I am launching a new course next month and have done a great deal of prep for it. My initial email had not had much response so I ended up going to a networking event this morning as I knew I would meet some of the people who had signalled initial interest there. This sounds easier than it was. Last week I had to call in a favour with a good friend and ask her to look after my 2 y/o as despite the event being aimed at Mums, there is no creche. I did not feel too bad as we usually see said friend and her 2 y/o on Wednesdays at the same playgroup. What it involved was getting to the venue 40 minutes early to deposit my youngest before heading off to the meeting.
However that was not all. Part of the reason I had not gone to bed until 23.30 last night was because I had to wrap a pressie and write a card for the daughter of a dear friend (we went to school together) because she was three today. It is the 3 y/o's ballet class on Wednesday and so I had to call in an even bigger favour and ask one of my local friends if she would pick up the 3 y/o from pre-school, feed her lunch, let her play w/ her daughter then take her to and from ballet. She often takes the 3 y/o to ballet but would now be responsible for her for 4.5 hours. Despite feeling uncomfortable about this, I did ask and she did say yes last week. Just needed to remember to pack her ballet stuff for pre-school and take her car seat with us too!!
That done the 2 y/o and I headed into town. This involved finding a new car park where I was going to meet my friend, so a quick look on the internet was needed before we headed out.

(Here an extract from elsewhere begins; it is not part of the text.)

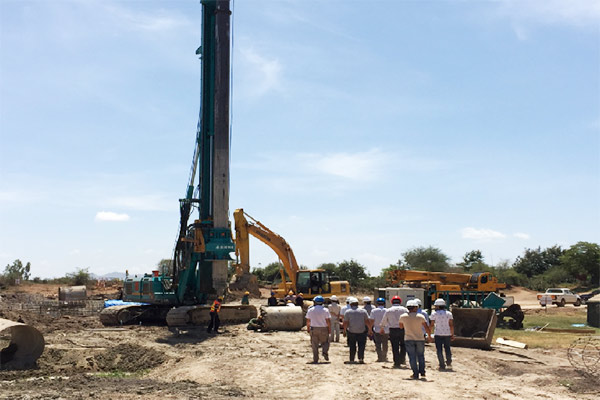 宝运莱智能入岩神器在东非肯尼亚获赞，人好设备好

Deposited 2 y/o then a mad dash to the networking meeting stopping briefly to apply lippy in the car mirror. As soon as the meeting had finished and I had caught up with a couple of people, it was a mad rush back to the playgroup where I sang a couple of songs with my 2 y/o, touched base with friend then a quick march homewards for lunch. Just needed to check that all was ok with friend who was picking up 3 y/o because she had not been at pre-school or answered her phone that morning so popped into her house. Ended up going through a convoluted explanation with her husband as that friend was out and then hurried home to feed 2 y/o.
After a quick sandwich we headed off to Buckingham about an hour away. We had to stop en route to fill the car with diesel as it was virtually empty! We arrived at the softplay area in plenty of time and so I was able to fit in 3 business calls including one about a possible venue for my 3 y/o's birthday which is next month. Importantly I got the last space in the car park. We stayed for an hour and a half. There was more food including chips and other starchy stodge for the mummys. We managed to see the cutting of the cake before we left. Despite a good run home we still got back after my friend so there was a message on the home phone saying that she had my 3 y/o at her house. That did make me feel guilty so we scooted over as fast as we could to collect the 3 y/o.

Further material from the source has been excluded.